Ich denke Du hast unter anderem `das Duell` gesehen.
Schröder sagte sehr deutlich: Deutschland wird sich nicht an einem Krieg der USA beteiligen, dessen Ziel es ist, Saddam Hussein zu stürzen.
Deutschland fühlt sich durch die UN gebunden. Militärischen Druck auf Irak auszuüben, um Inspektoren ins Land zu bekommen, hat er explizit befürwortet.
Nochmal: Kein Krieg aus dem Antrieb, Saddam zu beseitigen.
Es wird ein Krieg abgelehnt, der aus diesem Antrieb heraus geführt wird. Keine Beteiligung an einem Krieg zur Veränderung einer politischen Konstellation.

Eine Unterstützung der UN zur Durchsetzung der Resolutionen wurde klar zugesagt.

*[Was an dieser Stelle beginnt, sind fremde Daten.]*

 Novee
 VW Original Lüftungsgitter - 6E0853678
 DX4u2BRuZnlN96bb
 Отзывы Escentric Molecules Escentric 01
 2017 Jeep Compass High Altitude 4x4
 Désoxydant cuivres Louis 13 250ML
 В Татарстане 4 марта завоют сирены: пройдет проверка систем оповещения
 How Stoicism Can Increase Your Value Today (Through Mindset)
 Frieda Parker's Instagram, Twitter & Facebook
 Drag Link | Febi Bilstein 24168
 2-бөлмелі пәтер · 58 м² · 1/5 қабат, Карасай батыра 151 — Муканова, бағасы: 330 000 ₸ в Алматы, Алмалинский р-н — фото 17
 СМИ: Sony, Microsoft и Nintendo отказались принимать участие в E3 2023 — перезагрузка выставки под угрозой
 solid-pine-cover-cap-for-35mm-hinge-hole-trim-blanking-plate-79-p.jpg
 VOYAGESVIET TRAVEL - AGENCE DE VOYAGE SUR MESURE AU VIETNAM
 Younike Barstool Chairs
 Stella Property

Ist das schon zu kompliziert?
04092002 Bild.de

US-Botschafter kritisiert Deutschland

Der US-Botschafter in Deutschland, Daniel Coats, hat vor einer Verschlechterung der Beziehungen zwischen Deutschland und den USA gewarnt. Grund: Die ablehnende Haltung der Bundesrepublik zu einem möglichen Krieg gegen den Irak.

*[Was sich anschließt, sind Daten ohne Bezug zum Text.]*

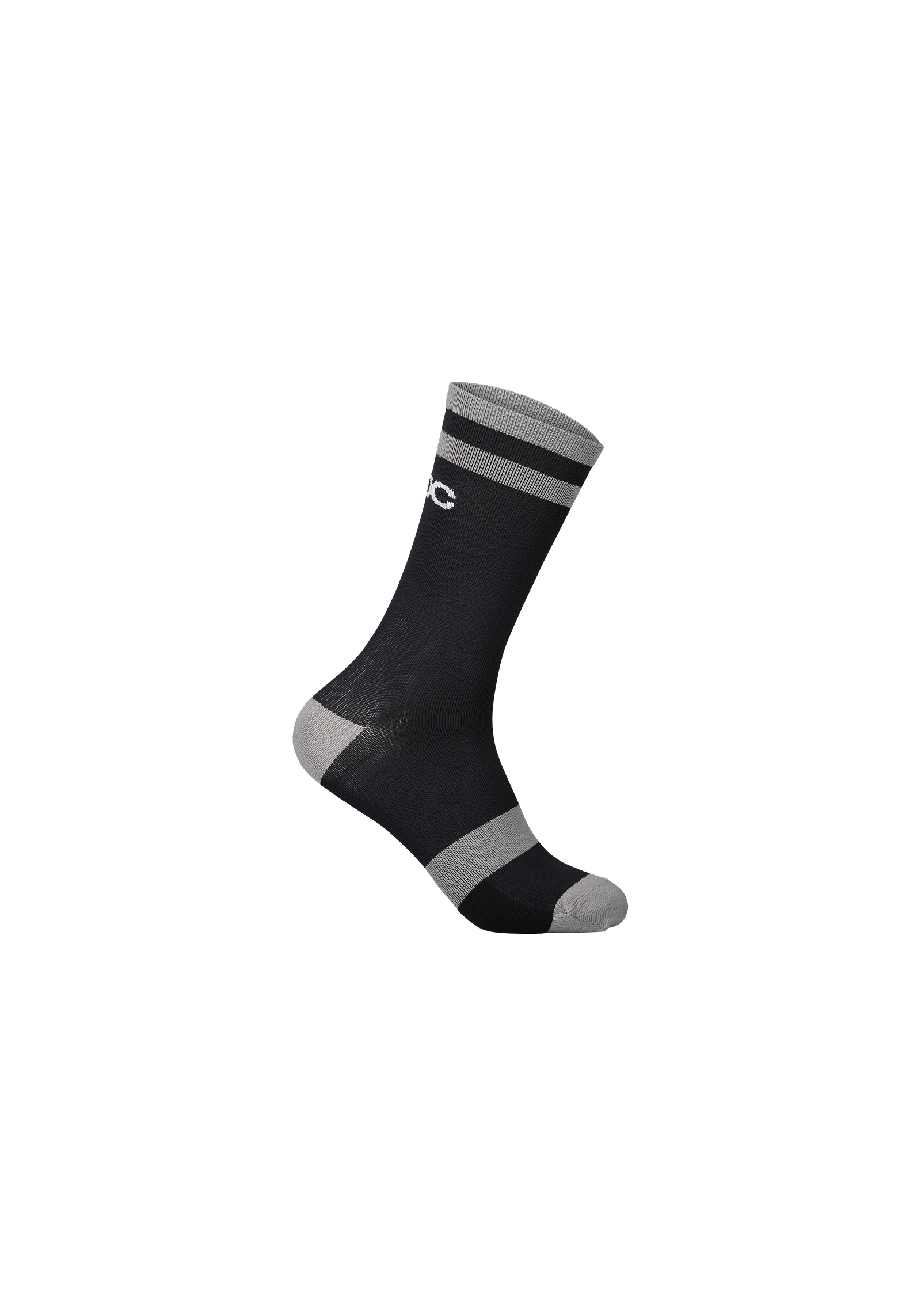 Lure Long MTB Socks - Image 1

Deutschland drohe sich mit seiner Position außerdem in der Europäischen Union zu isolieren, sagte Coats.
Thierri,
Du schreibst:"Nicht umsonst spricht man von uns Deutschen schon als "German Sissies". "

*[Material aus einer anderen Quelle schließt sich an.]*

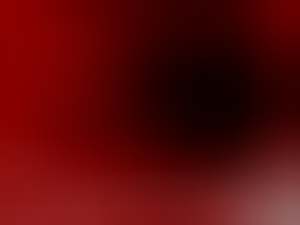 蓝色血液有什么功能 3330713014579255655-8w.jpg!blur_h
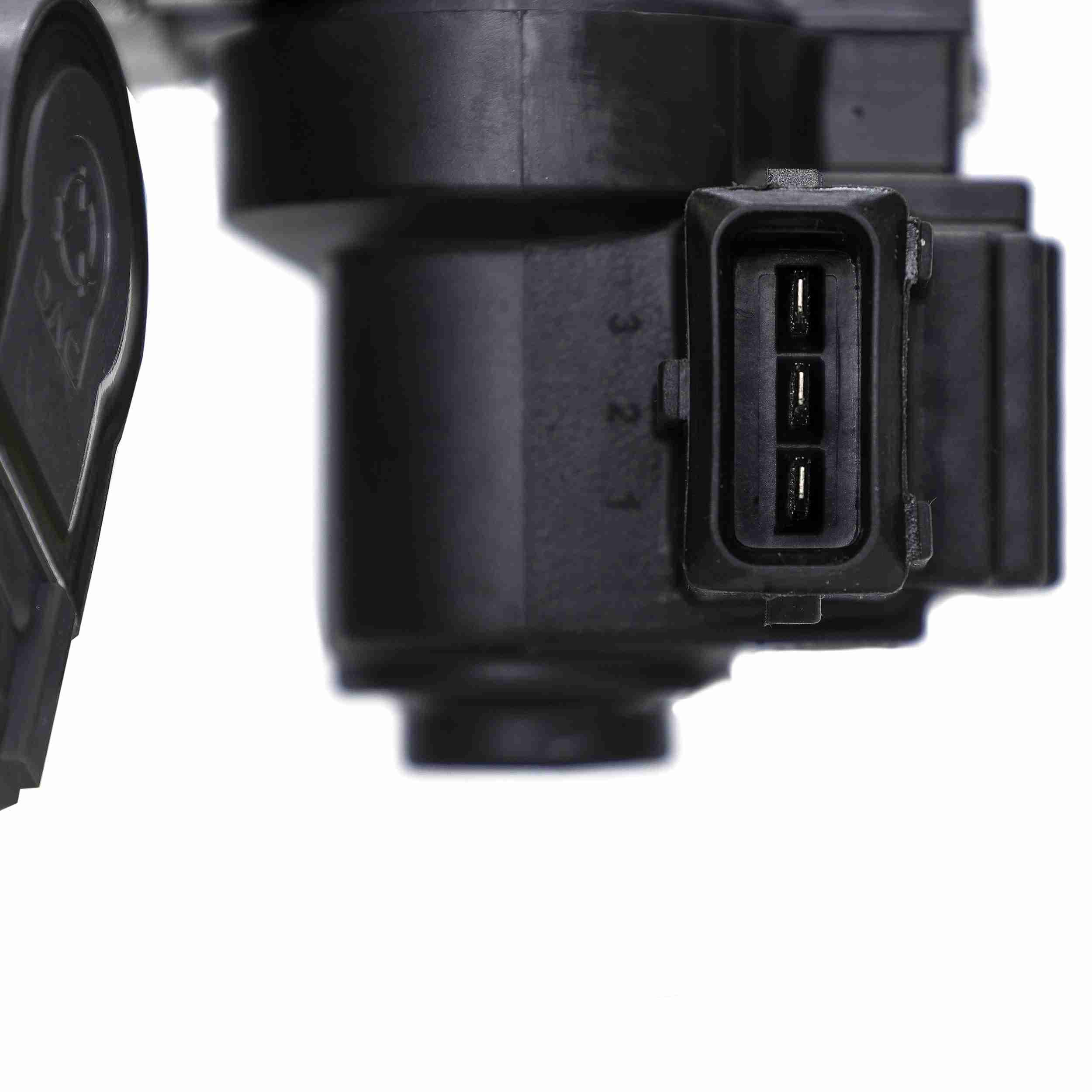 706-TB-K10003 - Image 3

Wenn Du meinst, Außenpolitik sollte nach dem Gesichtspunkt gemacht werden, daß man nachher als Held dasteht, der sich was getraut hat. Wenn Du meinst, Außenpolitik wäre das richtige Feld, um zu zeigen, `wer den Größten` hat,
dann frag` mal bei der FDP, ob sie Dich wirklich als Mitglied haben wollen.
Genscher würde Dich dafür ohrfeigen. Garantiert!
Mann, ziehe diese Partei nicht so in den Dreck, indem Du Dich ständig in ihre Nähe rückst!
Ihr Verbrecher! Lebenslanger Knast steht euch zu! Hier geht`s nicht darum, Freunde im Stich zu lassen, sondern sich an einem Verbrechen nicht zu beteiligen. Ihr glaubt doch nicht wirklich, dass Bush vorhat, eine irakische Demokratie oder Republik zu errichten. Es gibt etliche Staaten, in denen es schlimmer aussieht. Es geht nur um Öl und darum von anderen Problemen abzulenken. Und Schröder ist nicht mehr bereit, sich in die Riege dieser Kriegsverbrecher einzureihen. Wer Krieg fordert, fordert den Tod unzähliger Menschen. Und das ist nicht notwendig.
Ihr fordert einen Krieg - für mich seid ihr Verbrecher.
gletscher,
daß Coats verlauten läßt "Deutschland drohe sich mit seiner Position außerdem in der Europäischen Union zu isolieren, sagte Coats.", ist seine Aufgabe.

Momentan vertritt jedoch ausschließlich Großbrittannien einen ähnlichen Standpunkt wie die USA.